At some stage, women from other regions sought the help of the Bethlehem embroiderers to introduce the couching technique into their own costumes. Such a welcome intervention can be clearly seen on the reputable dresses of Beit Dajan and on the famous
jillayeh of the Hebron hills. Furthermore, the Bethlehem artisans excelled in making embroidered mini-jackets and the finely embroidered hat that was harmoniously decorated with coral, gold and silver coins, silver bracelets, and the 'seven-souls' chokers.

The villages of Hebron are as distinctive as the others in the world of Palestinian embroidery. Women in the Hebron region embroidered handkerchiefs, belts, head veils, cushions, and
jillayehs. The most famous villages in this respect are Idna, Samou'u, Iraq al Manshiyeh, Beit 'Ummar, Deir Samit, Bani-Na'im, Beit Jibrin, Dahriyyeh, and Dura.

The motifs used in these districts were illustrated by several types of stitching that included couching, the cross and satin stitches, and the running stitch. In addition, the appliqué technique was broadly used on the front of the wedding
jillayeh. The motifs on the white wedding veil were mirror images of those on the dark or indigo jillayeh.

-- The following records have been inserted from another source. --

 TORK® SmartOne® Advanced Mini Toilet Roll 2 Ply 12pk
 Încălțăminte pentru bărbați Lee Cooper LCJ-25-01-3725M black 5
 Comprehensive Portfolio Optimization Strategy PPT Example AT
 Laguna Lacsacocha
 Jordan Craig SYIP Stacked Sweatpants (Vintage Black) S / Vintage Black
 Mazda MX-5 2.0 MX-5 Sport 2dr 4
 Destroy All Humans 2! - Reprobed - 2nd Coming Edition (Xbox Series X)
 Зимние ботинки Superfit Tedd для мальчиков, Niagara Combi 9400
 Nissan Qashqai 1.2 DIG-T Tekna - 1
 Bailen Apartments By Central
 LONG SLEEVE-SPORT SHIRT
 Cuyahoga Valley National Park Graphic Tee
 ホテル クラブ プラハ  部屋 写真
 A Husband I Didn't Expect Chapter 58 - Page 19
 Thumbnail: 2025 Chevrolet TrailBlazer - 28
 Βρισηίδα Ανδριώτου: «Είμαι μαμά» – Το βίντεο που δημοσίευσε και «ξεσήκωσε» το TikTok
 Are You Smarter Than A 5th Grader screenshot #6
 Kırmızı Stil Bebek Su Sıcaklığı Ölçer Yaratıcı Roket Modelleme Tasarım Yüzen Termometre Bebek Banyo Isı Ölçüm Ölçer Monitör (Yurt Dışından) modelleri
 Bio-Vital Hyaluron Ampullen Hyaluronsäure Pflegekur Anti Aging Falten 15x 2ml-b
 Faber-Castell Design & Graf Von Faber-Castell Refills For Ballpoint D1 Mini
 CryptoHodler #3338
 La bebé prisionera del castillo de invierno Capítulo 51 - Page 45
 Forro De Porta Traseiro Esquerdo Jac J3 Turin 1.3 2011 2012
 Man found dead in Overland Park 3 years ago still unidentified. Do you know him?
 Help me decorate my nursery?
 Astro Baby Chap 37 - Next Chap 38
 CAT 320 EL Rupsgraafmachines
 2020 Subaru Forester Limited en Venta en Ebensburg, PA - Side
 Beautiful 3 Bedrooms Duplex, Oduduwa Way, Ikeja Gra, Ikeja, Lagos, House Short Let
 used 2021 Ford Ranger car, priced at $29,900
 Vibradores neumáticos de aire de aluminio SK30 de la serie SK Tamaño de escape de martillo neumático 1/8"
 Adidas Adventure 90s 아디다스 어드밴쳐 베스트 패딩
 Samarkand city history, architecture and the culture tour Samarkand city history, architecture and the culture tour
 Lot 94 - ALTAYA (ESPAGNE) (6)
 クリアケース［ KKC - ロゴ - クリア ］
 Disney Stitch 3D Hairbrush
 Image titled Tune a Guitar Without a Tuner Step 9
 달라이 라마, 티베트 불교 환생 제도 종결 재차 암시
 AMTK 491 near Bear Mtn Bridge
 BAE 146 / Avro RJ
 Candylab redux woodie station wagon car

What distinguishes the Gaza costume (
zainiyeh) from that of neighbouring Hebron is the colour application, the motif distribution, and the fabric type. The motifs known as 'amulet', 'butterfly', and 'comb' of the Gaza dress are predominantly purple, whereas the motifs in its Hebron counterpart are predominantly maroon or red. The cloth for the Gaza thob was traditionally woven in nearby Majdel, either on white cotton, in the case of the very old examples, or on black or blue cotton striped with mauve and green linen.

The Bedouin style of the Negev is different from that of the villages. The main difference is the embroidery on the front panel of the dress and the use of the cross stitch only. It is maintained that Bedouins embroider the front panel of the dress as a way to show respect to others. The face veil (
burquo') and the back head veil (quna'a) represent the main distinction between the two in terms of overall appearance.

The traditional Palestinian dress, or thoub, is notable for its exceptional embroidered designs, which appear in panels on the chest, sides, sleeves, and at the hem. The block of embroidery on the chest is the main attraction of these dresses, and it is said to protect the wearer from evil, bad lack, and poor health. The thoub is made by stitching each panel individually first, and then sewing them all together into the final product.

Also notable for the fact that it mainly uses just one stitch, Palestinian embroidery is differentiated by its pattern, and patterns vary by region. In other words, a pattern from Bethlehem differs from that of Jerusalem and Gaza, and so on. Therefore, the home town of a Palestinian woman could be identified simply by the pattern on her dress. Commonly, the patterns are geometrical, but they may also include images such as flowers, trees, or houses, among others.